Work item
Every line below is to be given again precisely; images are to be left out.

(Captioned web image data)
----------------
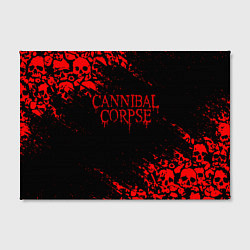 Холст прямоугольный CANNIBAL CORPSE КРАСНЫЕ ЧЕРЕПА, цвет: 3D-принт — фото 2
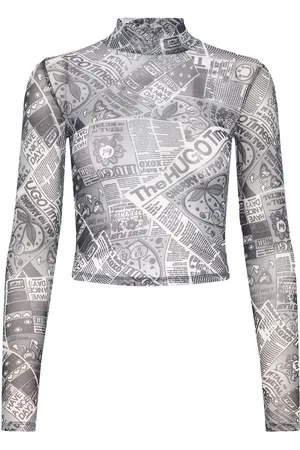 Hugo Blue Dasori_B Tops T-shirts & Tops Long-sleeved Grey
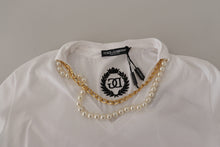 Load image into Gallery viewer, Dolce &amp; Gabbana Stunning V-Neckline Logo Embellished Tee
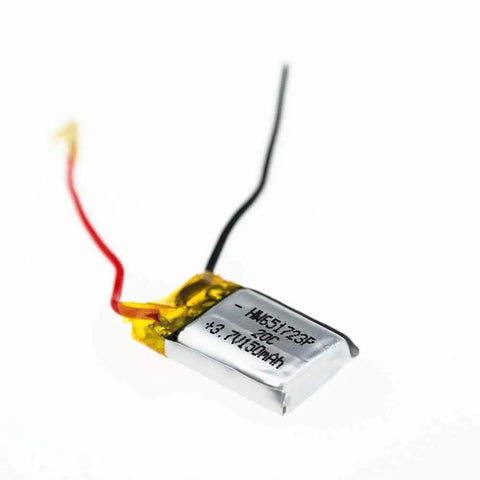 Close-up of 3.7V 150mAh LiPo Battery for Syma S107 S107G RC helicopter with wires visible, model 651723.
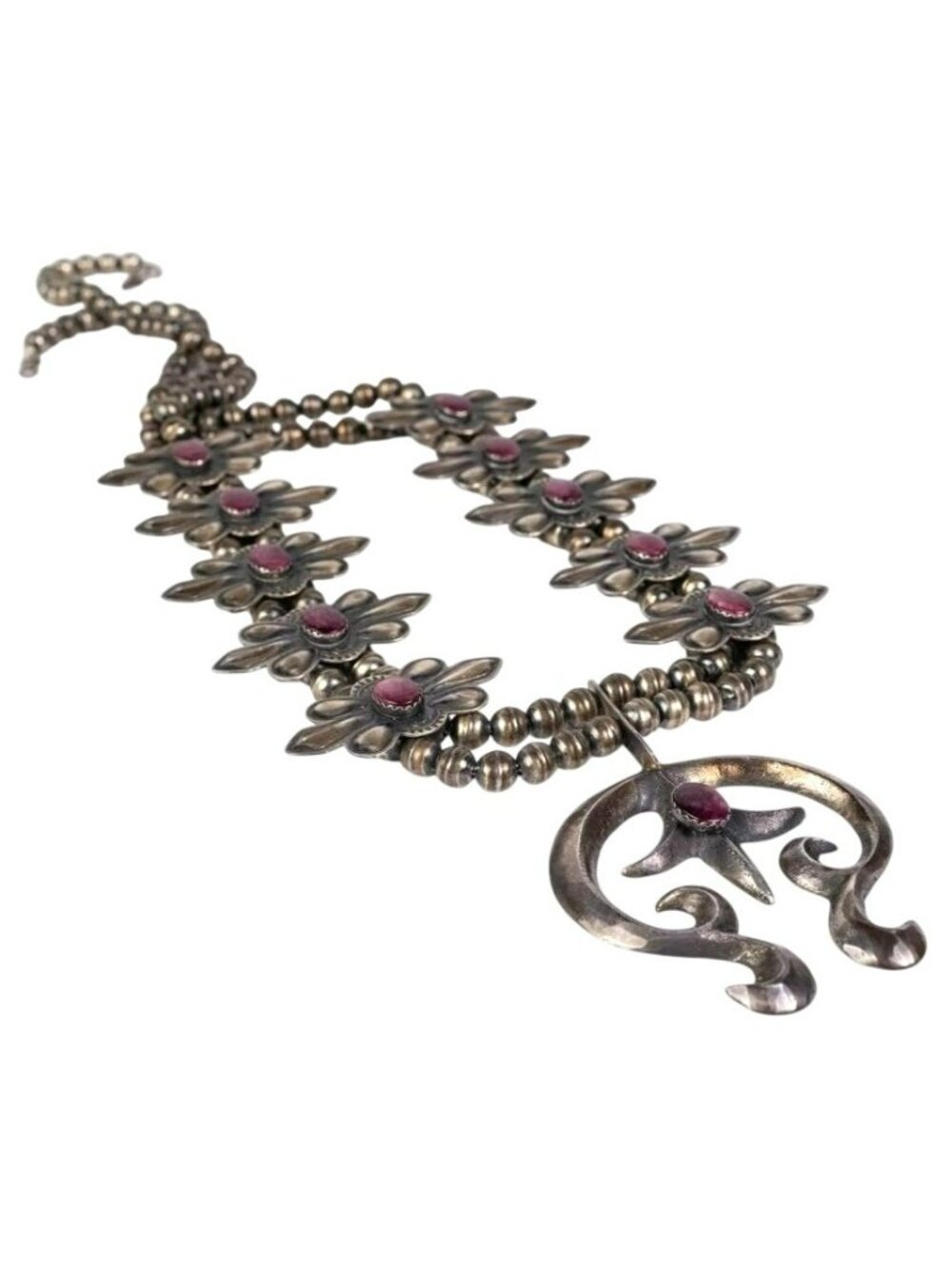 Navajo Squash Blossom Necklace Purple Spiny Oyster Sterling Robert Johnson SIGNE - Picture 2 of 11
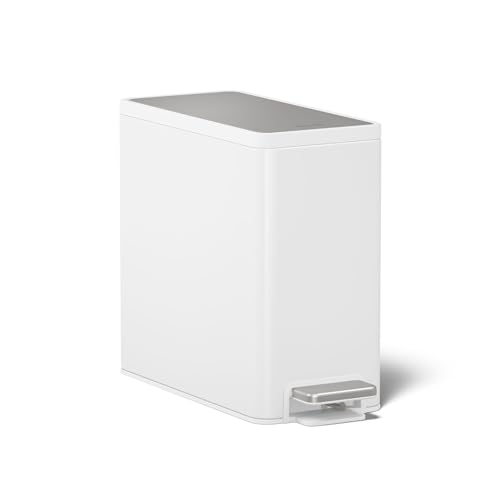 Kohler 20957-STW 2.5 Gallon Slim Step Trash Can, Bathroom Trash Can with Soft-Close Foot Pedal, White with Stainless Steel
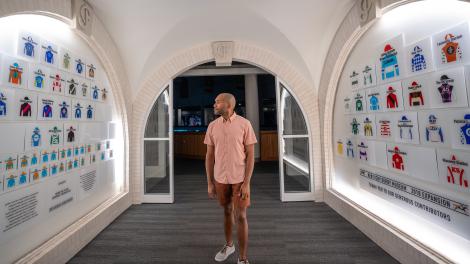 Admiring displays at the Kentucky Derby Museum in Louisville, Kentucky Admiring displays at the Kentucky Derby Museum in Louisville, Kentucky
----------------
Result below
 Холст прямоугольный CANNIBAL CORPSE КРАСНЫЕ ЧЕРЕПА, цвет: 3D-принт — фото 2
 Hugo Blue Dasori_B Tops T-shirts & Tops Long-sleeved Grey
 Load image into Gallery viewer, Dolce &amp; Gabbana Stunning V-Neckline Logo Embellished Tee
 Close-up of 3.7V 150mAh LiPo Battery for Syma S107 S107G RC helicopter with wires visible, model 651723.
 Navajo Squash Blossom Necklace Purple Spiny Oyster Sterling Robert Johnson SIGNE - Picture 2 of 11
 Kohler 20957-STW 2.5 Gallon Slim Step Trash Can, Bathroom Trash Can with Soft-Close Foot Pedal, White with Stainless Steel
 Admiring displays at the Kentucky Derby Museum in Louisville, Kentucky Admiring displays at the Kentucky Derby Museum in Louisville, Kentucky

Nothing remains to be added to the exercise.